That broad sentiment will come as no surprise to Stephen Harper, who has held to his election promise to end Canada’s military mission there in 2011. Still, resolution of the Afghanistan issue may prove the least of the Prime Minister’s worries when it comes to U.S. relations. Harper scored well below Michael Ignatieff in our poll on two key measures of confidence, with fully 40 per cent of respondents saying the Liberal leader would be better at maintaining relations with Obama, compared to 29 per cent who thought Harper would. Ignatieff also topped the Prime Minister on the question of who would stand up to Obama if Canadian interests were threatened (36 per cent of those polled chose the Grit leader; 28 per cent picked Harper). All of this points to some serious approval problems for the PM.
The question is whether anything he does during this week’s visit will ease those problems. Canseco, for one, has his doubts. The pollster points to Harper’s 38 per cent job approval rating in the Maclean’s survey, which lags four points behind Ignatieff’s, and marks a stunning decline from the double-digit leads Harper enjoyed over Ignatieff’s predecessor, Stéphane Dion, before the government’s catastrophic fiscal update last fall. Canseco cites growing awareness of Ignatieff’s qualifications for the remarkable shift (“he’s a professor, he lived in the States”) along with a steady drift of support from the NDP back to the Liberals. Others suspect the numbers have less to do with Ignatieff’s foreign policy credentials than concern about Harper’s judgment. “His problem is that Canadians have to some extent lost confidence in his leadership,” says Hampson. “Harper’s political challenge in this upcoming summit is to see if he can get some of the Obama glow to shine on him.”

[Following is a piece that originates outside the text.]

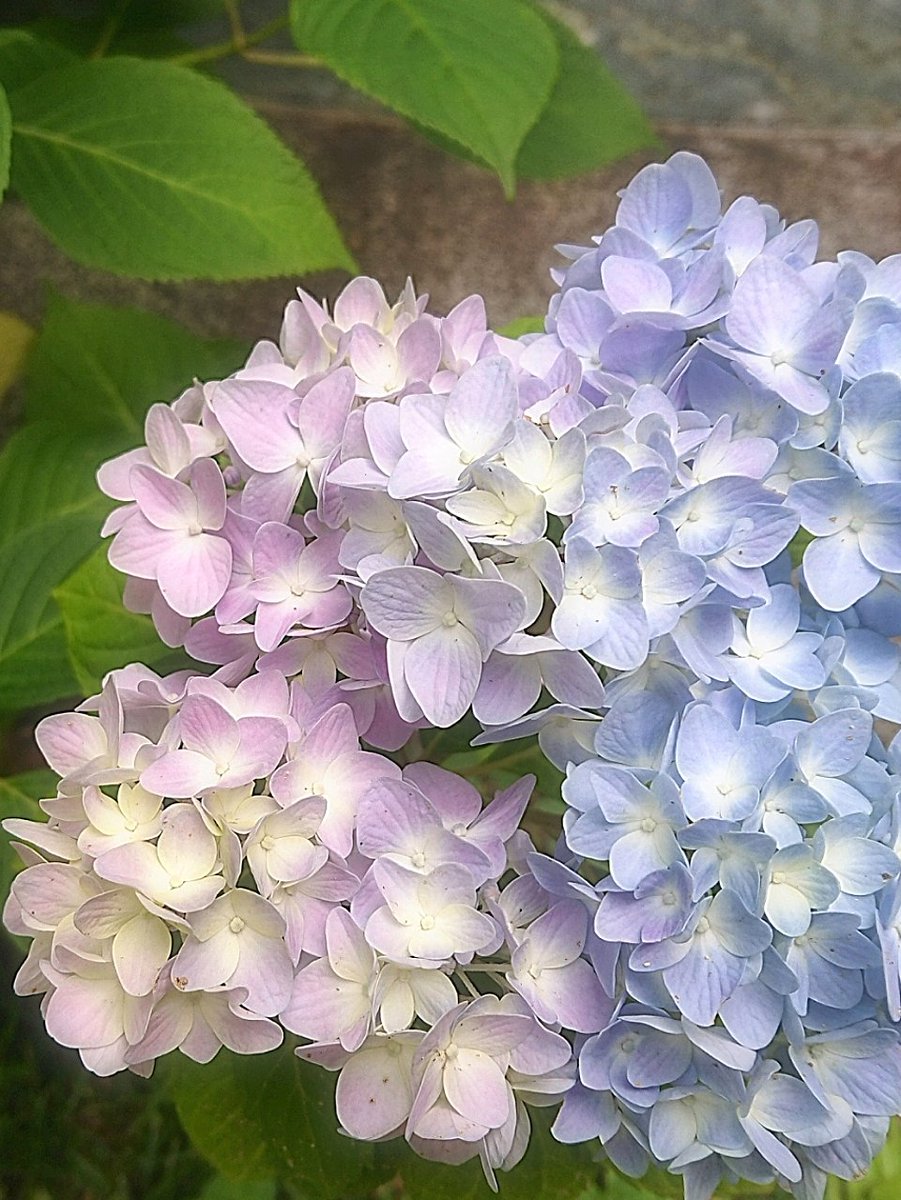 mi4rinrin's tweet photo. ･*:.｡ ｡.:*･ﾟ✽.｡.
淡い色܀˚*𓂃 𓈒𓏸♡̆̈ https://t.co/2XmmoKXXf2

It is the sort of thing to which Obama has become accustomed—this faith in his power to raise the fortunes of others. And it’s not like the Conservatives are the only ones sidling up to him. Ignatieff lodged his own request for an audience with the President, lest the Conservatives revive their fortunes under the man’s reflected light. Given the depth of Canadian ardour for the new Leader of the Free World, that’s probably not a bad play. For now, at least, everyone’s ignoring the asterisk.